FWP game warden Nick Taylor said the cubs and their mother were near the north edge of Harlowton along Highway 191 over the weekend when people stopped to take their picture. At some point, people chased after the fleeing bears and got between the mother and her cubs. The cubs ran east across the highway while the mother ran west to avoid the people.
Later the sow and cubs were seen in different parts of Harlowton, Taylor said. But enough people interfered with the animals to keep them from reconnecting. Eventually the mother left and FWP was not able to find her.

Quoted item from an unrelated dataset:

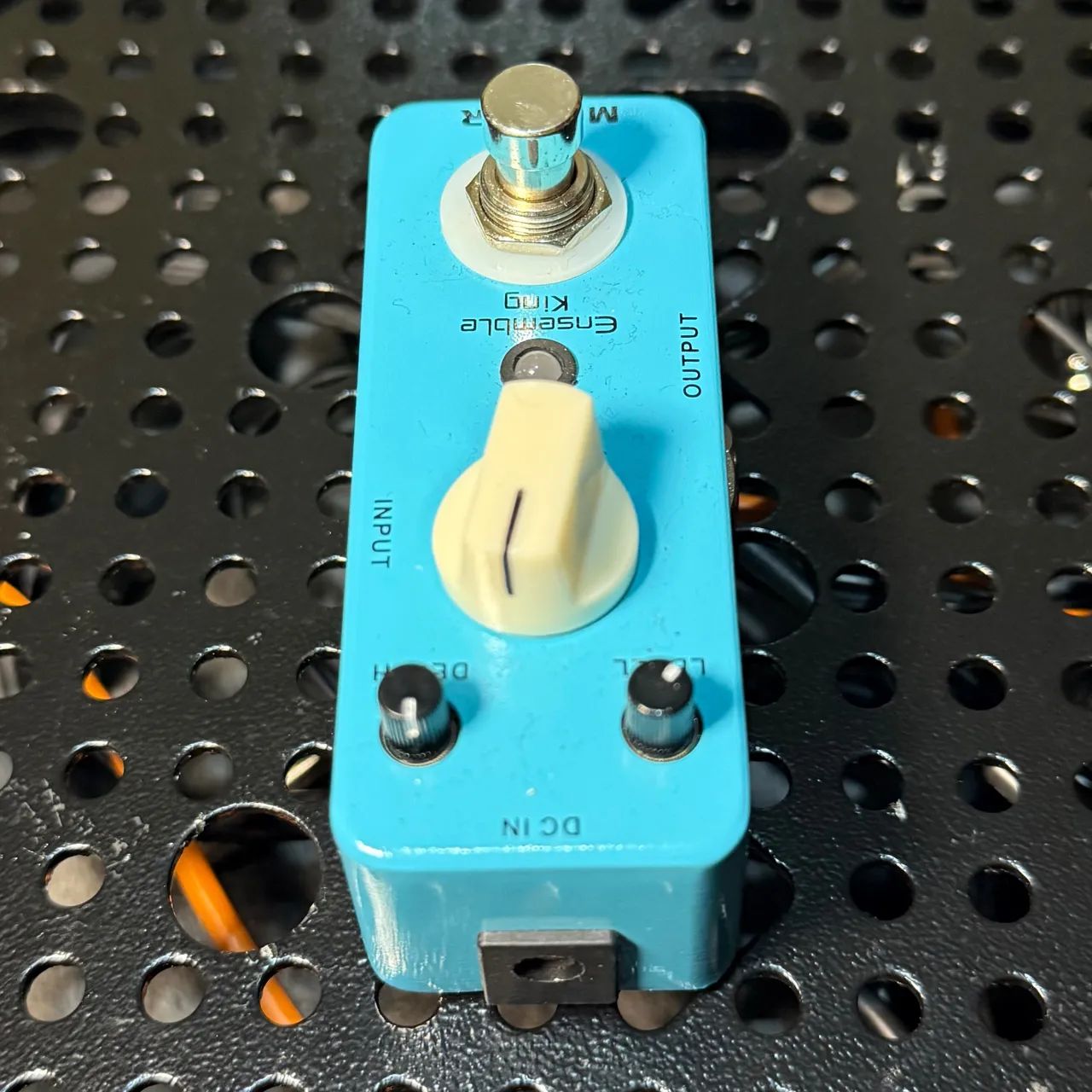 Pedal de Chorus Mooer Ensemble King - Foto 4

FWP tranquilized the two cubs and held them for a day to try to locate their mother, Taylor said. When it became obvious that FWP could not reunite the cubs with their mother, they went to the Wildlife Center of Montana at Montana Wild in Helena.
With the fall bear hunting season open, Taylor said he was reluctant to release the tranquilized cubs into the wild.

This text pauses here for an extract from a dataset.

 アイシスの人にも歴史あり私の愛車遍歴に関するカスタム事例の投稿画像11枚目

Lisa Rhodin, manager of the rehabilitation center, said the cubs will be fed and cared for through the winter and most likely released next spring somewhere away from people in south central Montana, where they can be successful, wild black bears.
The cubs and their mother were separated and they could not be reunited as a direct result of human interference, Taylor said. He encouraged people to keep their distance from all wildlife, for their own safety and for the good of the animals.